The main activity (the 4 card sets) takes around 40 - 50 minutes. Put students in groups of 3 for it.

### Learning objectives

- Solve simple knapsack problems with a group.
- Investigate and explore why the knapsack problem is a challenging problem in computer science.
- Compose a greedy algorithm for the knapsack problem, using pseudocode.

The 3rd learning objective is optional, and will depend on how much time is available.

### Card set 1

Give each group the first set of cards.

Each card represents an **item** in a (fictional) RPG (Role-Play Game). Each item has a **weight in KG** and a **value in gold**. The character controlled by the player has found these items in the terrifying fire-breathing dragon's lair and wants to take them back to the shop at the surface to sell for gold. However, there's a big problem—they can only carry up to **6 KG's** at a time, otherwise, should they encounter the dragon, they'll never have a chance of outrunning it. Unfortunately, making multiple trips to the shop is not an option, as the dragon will be sure to ensure there won't be any return trips anytime soon.

Which items should be taken, and which should be left behind? Remember, we want to make as much gold as we can, and we cannot carry any more than 6 KG. There is only one of each item, and anything left behind cannot be claimed later.

Give the groups time to think about it and come up with the solution.

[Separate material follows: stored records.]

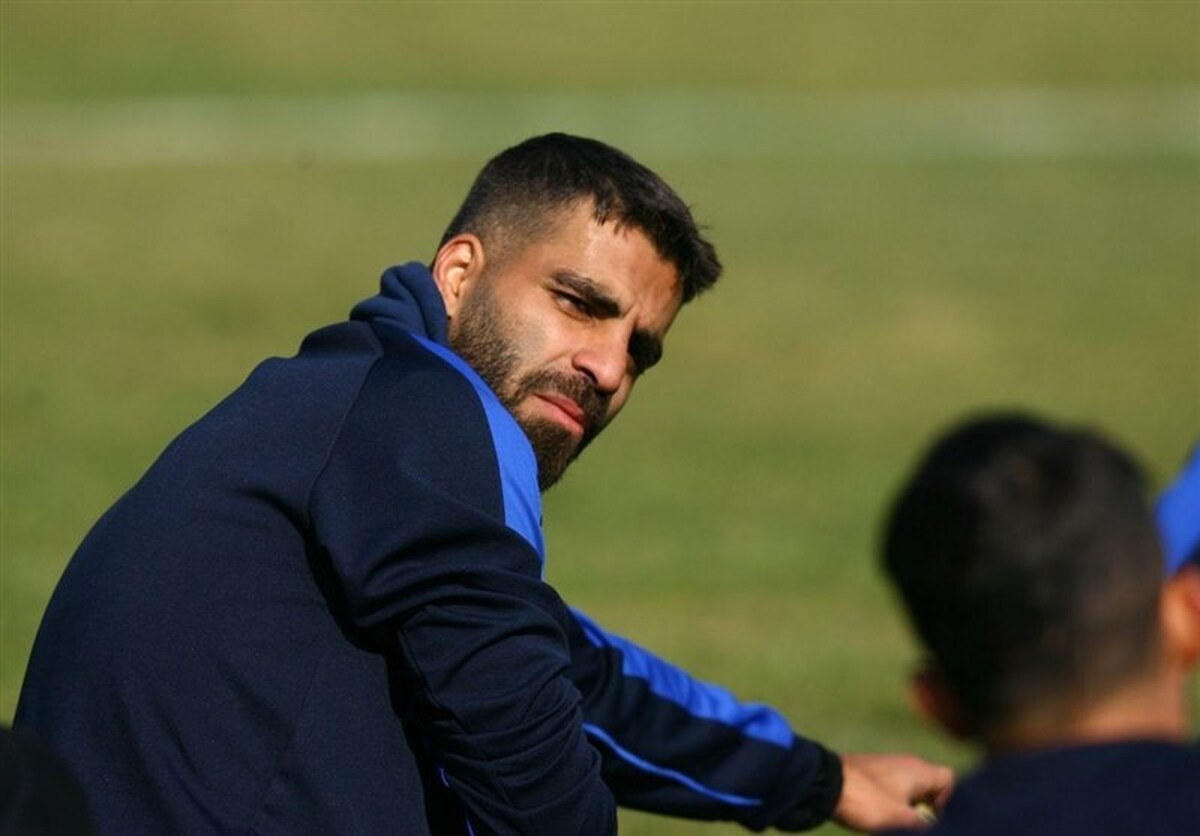 مدافع سابق استقلال به فجر سپاسی شیراز پیوست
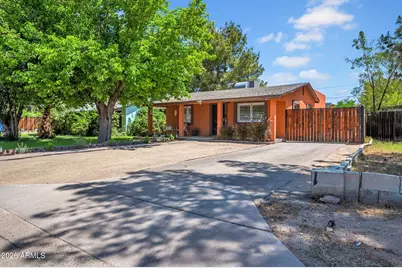 2405 N 27th Place, Phoenix, AZ 85008 - Photo 3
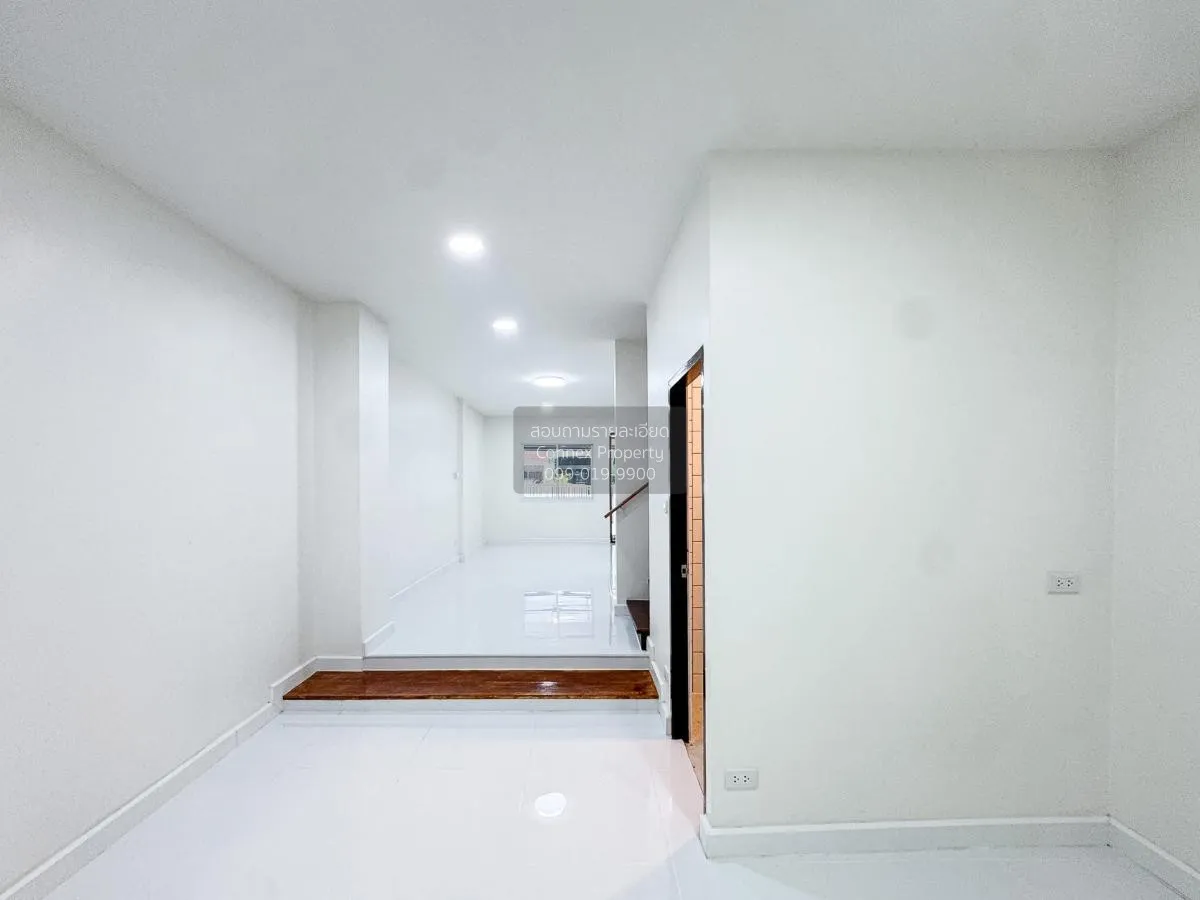 ขายทาวน์โฮม ลาดพร้าว 71 รีโนเวทใหม่ 3.15 ล้าน ใกล้ MRT 900 เมตร ว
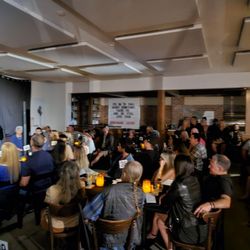 Comedy Hideaway - FULL CROWD AT HIDEAWAY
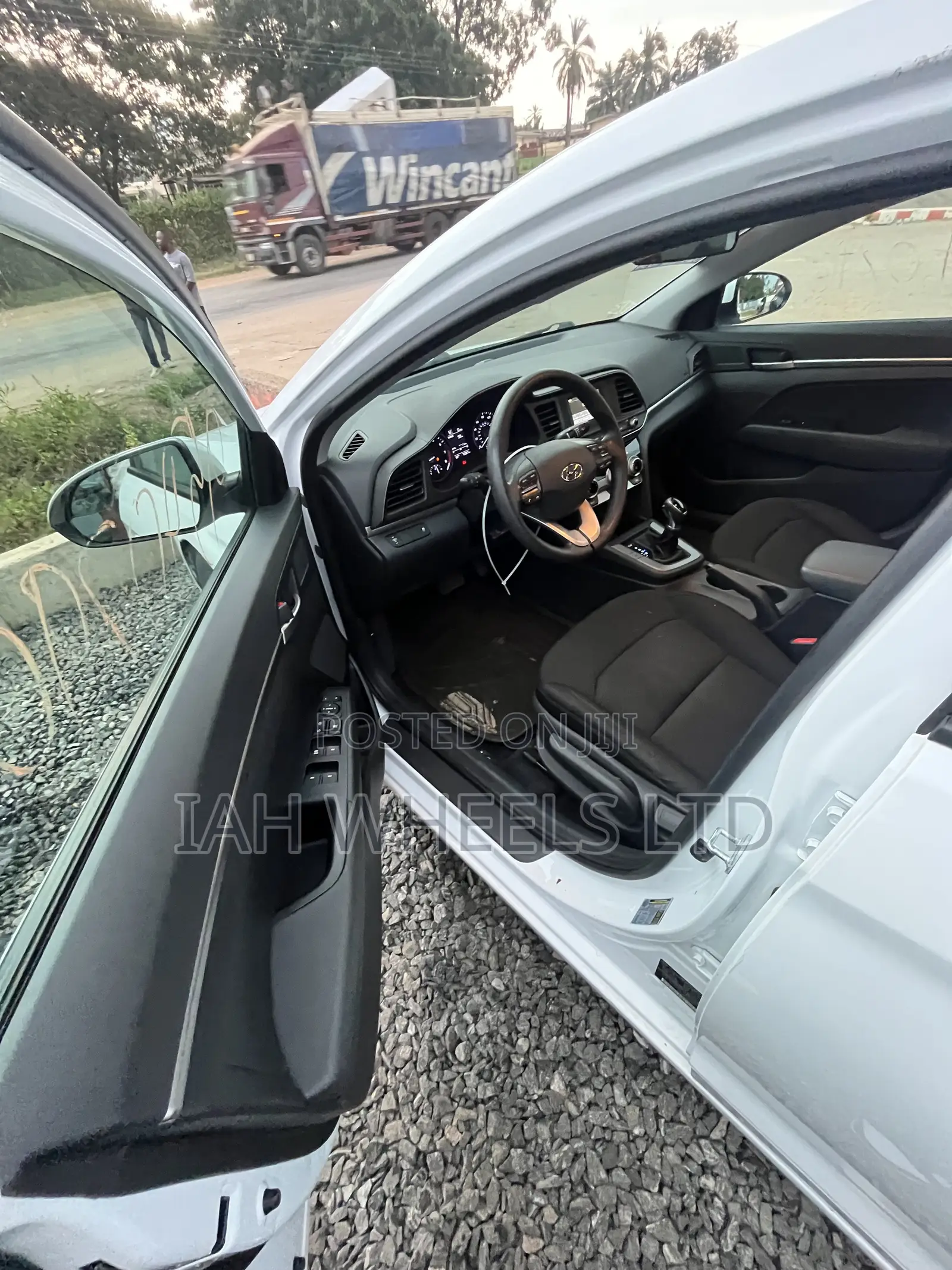 Hyundai Elantra 2020 White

Most groups quickly see the best option. When asked how they knew which items to choose, they should explain that some of the items were worth more gold per KG of weight than others. We can calculate the gold to weight ratio by dividing gold by weight — the bigger the number, the better the item. For example, the **statue** weights 6 KG's, and it is worth 2800 gold. 2800 ÷ 6 = 466.67, which means the statue is worth 466.67 gold per KG. The other items are worth 833.33 gold/KG for the sword, 333.33 gold/KG for the money bag, 800 gold/KG for the mace, and 500 gold/KG for the boots. The 3 best value items, therefore, are the sword, money bag, and the boots. Taking these 3 items won't go over the weight limit, and therefore this is the solution.

It's also okay to divide the other way around (although less intuitive), by divide the weight by the gold amount. In this case, smaller numbers mean better items.

### Card set 2

Now that the groups have solved the first problem, and they think they know a good strategy to solve it, give them the second set of cards.

This time, the character is in a different dungeon, and can carry up to **30 KG's**.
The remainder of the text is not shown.